Situazioni privilegiate, nonostante tutto, quelle di matrimoni così? Casi isolati di donne di potere oltre che in carriera, si potrebbe obiettare. E invece no o perlomeno non solo. Perché sono le coppie progettuali — individuate da una ricerca di Galena K. Rhoades, psicologa dell’università di Denver che con il collega Scott M. Stanley ha studiato i nuovi matrimoni — quelle che hanno più filo da tessere in una relazione nei complessi anni Duemila. Secondo i due psicologi queste coppie hanno un quid in più, un X Factor che le rende più attrezzate alla contrattazione, alla trattativa illuminata che permette a un matrimonio di resistere meglio. «Quando prendi una decisione fortemente motivata, discussa
e negoziata, è più probabile che la mantieni», scrive Rhoades.
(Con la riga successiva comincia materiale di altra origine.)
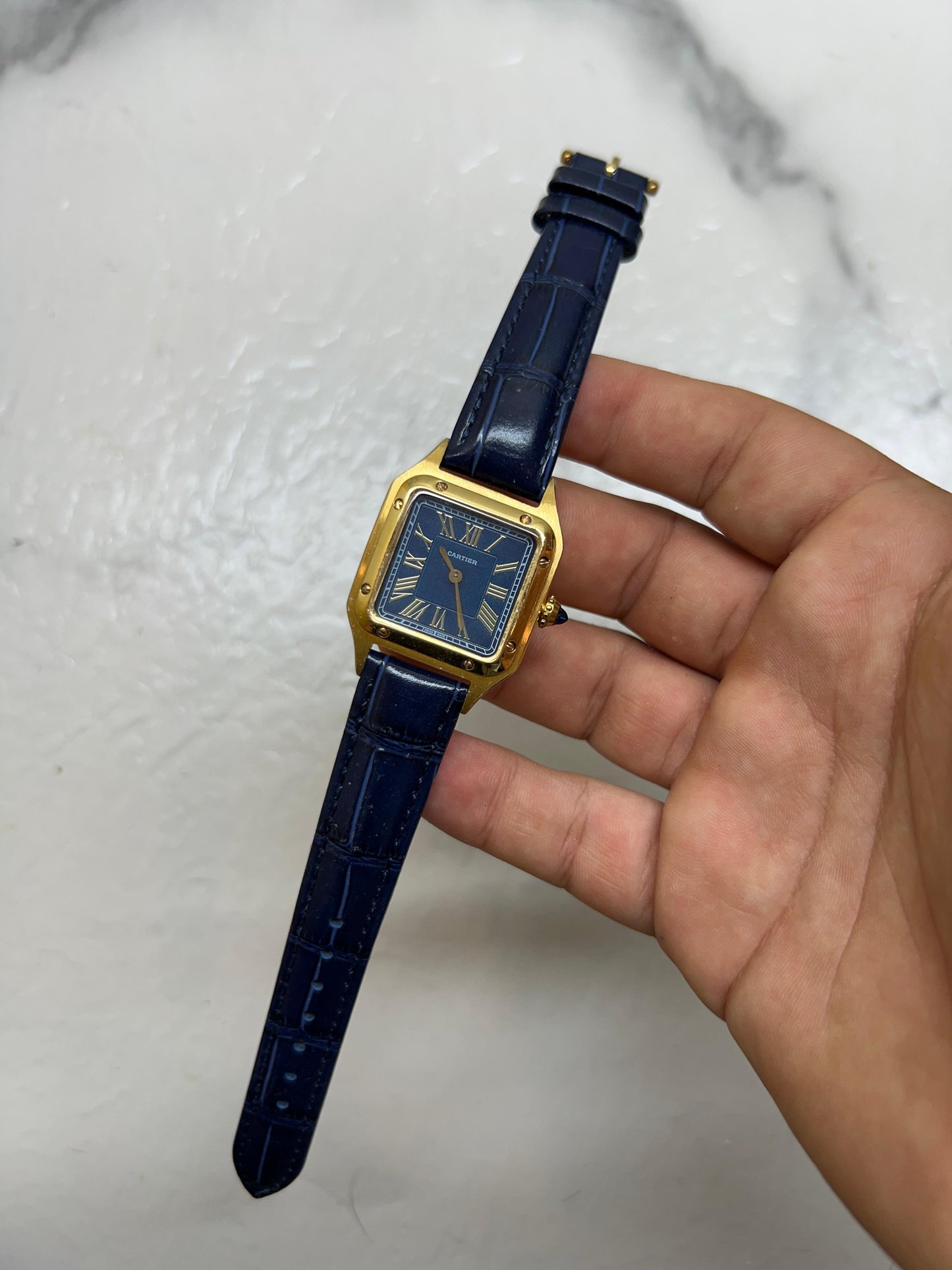 Dumond in pelle blu oro
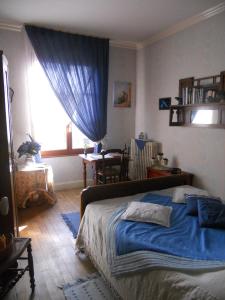 默兹河畔凡尔登Chambres D'Hôtes Des 3 Rois的一间卧室设有蓝色的床和窗户。
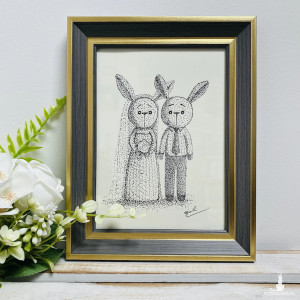 Młoda para króliczki w ramce rysowane piórkiem prezent ślubny obraz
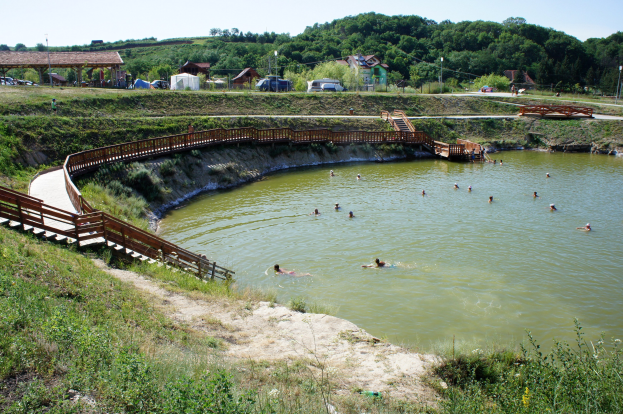 Gruppe von Menschen, die in einem Gewässer schwimmen, mit einer Brücke, Treppen, Schuppen, Fahrzeugen, Pfählen und einem klaren blauen Himmel im Hintergrund, umgeben von grünem Gras, Pflanzen und Bäumen.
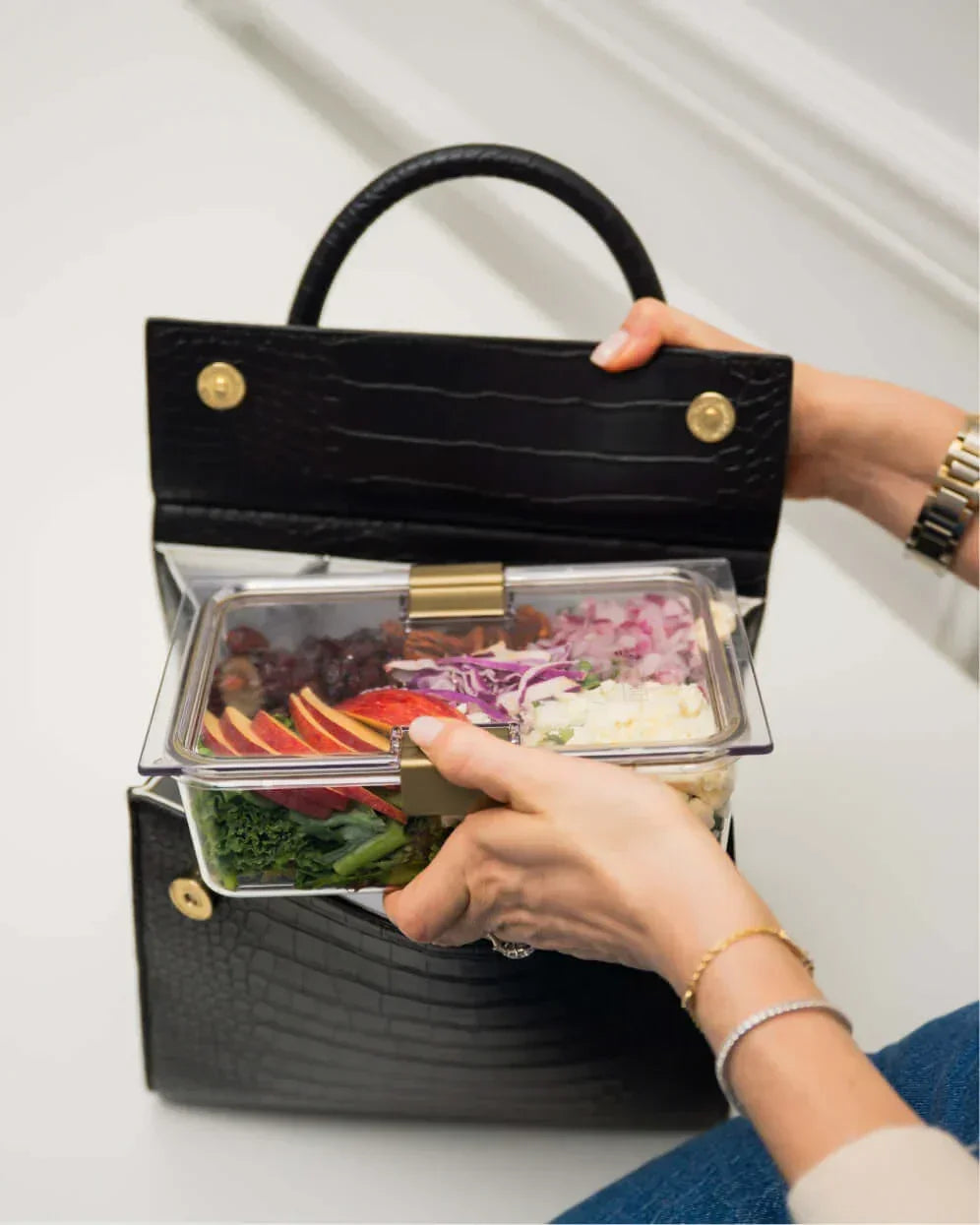 A close-up shot of a black crocodile-embossed handbag with the top flap open, showing a pair of hands placing a clear, partitioned container into the white insulated interior. The container is packed with colorful foods, including apples, red cabbage, and kale.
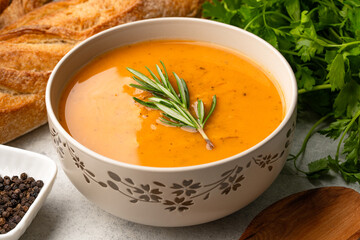 Delicious lentil, ezogelin or pumpkin soup on stone  background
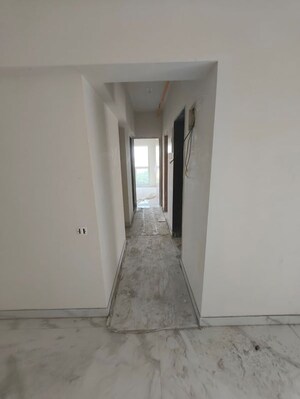 Building Lobby in 2 BHK Apartment at VKG Amazon, Andheri East – for Rent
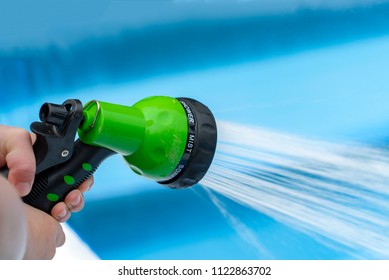 Green Water Jet Adjustable Sprinkler Being Angled In The Direction Of An Outdoor Paddling Pool.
E il cinema, che talvolta non riflette so lola saggezza convenzionale, aveva individuato questo ribaltamento con un film alfiere dell’ an ti pregiudizio ,« Ma come fa a far tutto?», presentato nel 2011 in anteprima italiana proprio dal blog del Corriere La 27ora, e che metteva in scena una mamma in carriera, Sarah Jessica Parker, capace di conciliare, non senza difficoltà, matrimonio, figli e lavoro.
E molte ormai sono le coppie solidali e dal divorzio difficile anche nel mondo delle celebrities che nel passato era famoso per divorziare con la stessa leggerezza di sentimenti con cui beveva una coppa di champagne. Oggi invece Victoria e David Beckham durano da 16 anni, e Brad Pitt e Angelina Jolie vigilano su una tribù di sette figli, fra naturali e adottivi.
Nella coppia oggi non vince chi ama di più ma chi sa negoziare, gestire il conflitto, andare oltre i problemi alla maniera degli Obama che, almeno visti dal di fuori, appaiono entrambi campioni nella capacità di eloquio, di dialogo e di convinzione, piuttosto che nella lite o nella prevaricazione.